Overall, the best performance was thus obtained by the post optimization formulations. Without worsening its internal error, they have more typical shapes and contribute to decrease extreme imbalances among criteria weights. Moreover, they actually improve the external error on average, and the resulting average function yields as the most preferred vehicle the one most respondents ranked first. Concerning these advantages of the post optimization formulations, MP1po and MP2po appear to be similar. The added computational cost of the latter (since it uses binary variables) might be justified only for its ability to exclude atypical value functions and to result in slightly lower imbalances among criteria weights.

The conclusions of this study are necessarily limited by its scope. They are based on a single study concerning a specific situation. Further empirical studies would therefore be welcome, and even more if questions about the effort and comfort of the respondents are included as well (an aspect not included in our questionnaire).

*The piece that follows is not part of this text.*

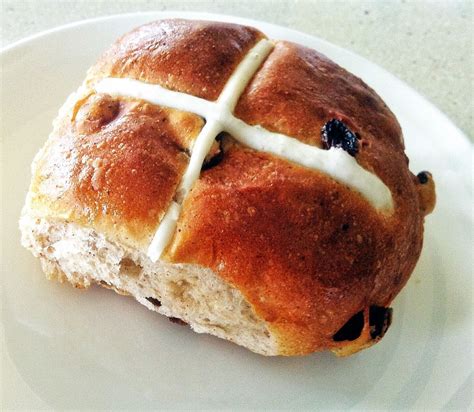 Hot Cross Buns Thermomix Method Included Mother Hubbards Cupboard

Besides studies involving real persons, simulation studies are also of interest for their ability to generate a very large number of instances and to control many design variables, such as the number of criteria. Although challenging, being able to simulate the inconsistencies real people make would add further value to such studies.

Knowing what are the typical value function shapes for each criterion in a given decision context can be extremely useful for different types of research. These shapes can be used as an input for sensitivity and robustness analysis studies addressing unknown value functions, as performed in exact (e.g., Sarabando and Dias 2010) or stochastic analyses (e.g., Lahdelma and Salminen 2001). Although the specific value function might be unknown, one may wish to simulate specific value function types (Dias and Vetschera 2019a, b). They can also be useful in studying the behavior of different methods on simulated data (Vetschera et al. 2014a; Mihelčić and Bohanec 2017; Dias and Vetschera 2019b). Finally, they can be used in studies aiming to forecast the diffusion of new products and technologies using system dynamics or agent based models [e.g., in the context of alternative fuels (Stummer et al. 2015; Oliveira et al. 2019)].